══ Available data ══
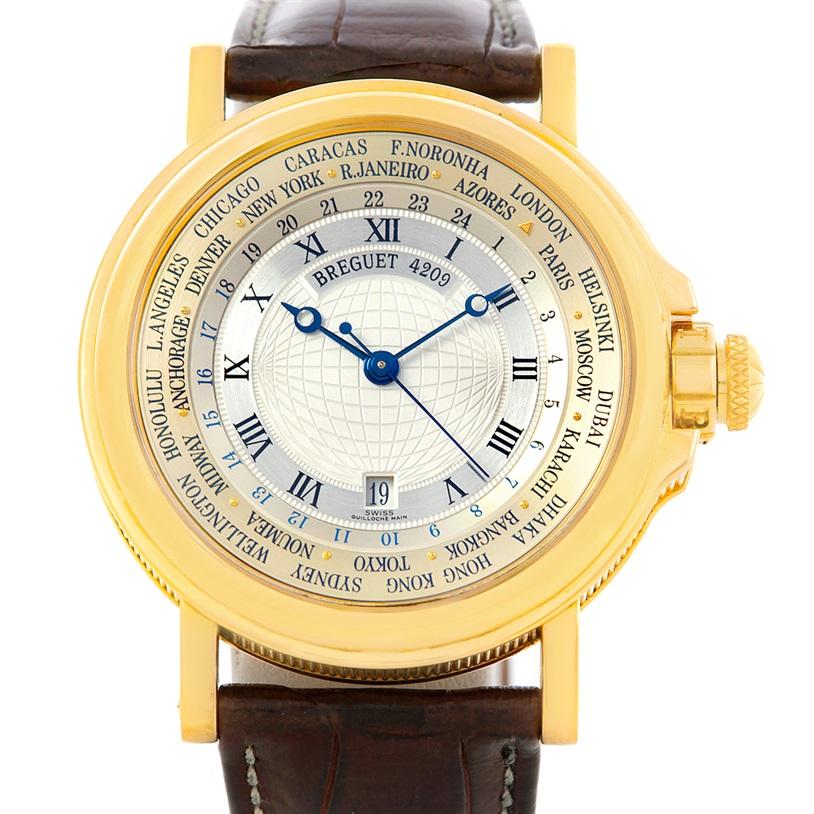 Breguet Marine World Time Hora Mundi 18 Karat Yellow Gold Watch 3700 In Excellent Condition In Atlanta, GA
═══
══ Available data ══
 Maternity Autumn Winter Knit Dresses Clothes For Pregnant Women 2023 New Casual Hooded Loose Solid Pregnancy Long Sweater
═══
══ Available data ══
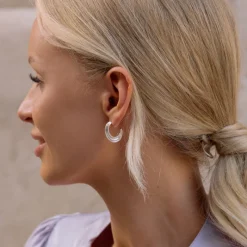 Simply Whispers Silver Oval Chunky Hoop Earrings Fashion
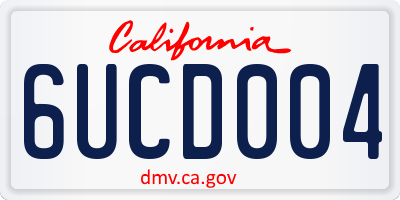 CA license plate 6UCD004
═══
In the material above, which lines fall between the one holding "Simply Whispers Silver" and the one holding "CA license plate 6UCD004", inclusive? Print exactly those, with the pictures left out.

Task answer =
 Simply Whispers Silver Oval Chunky Hoop Earrings Fashion
 CA license plate 6UCD004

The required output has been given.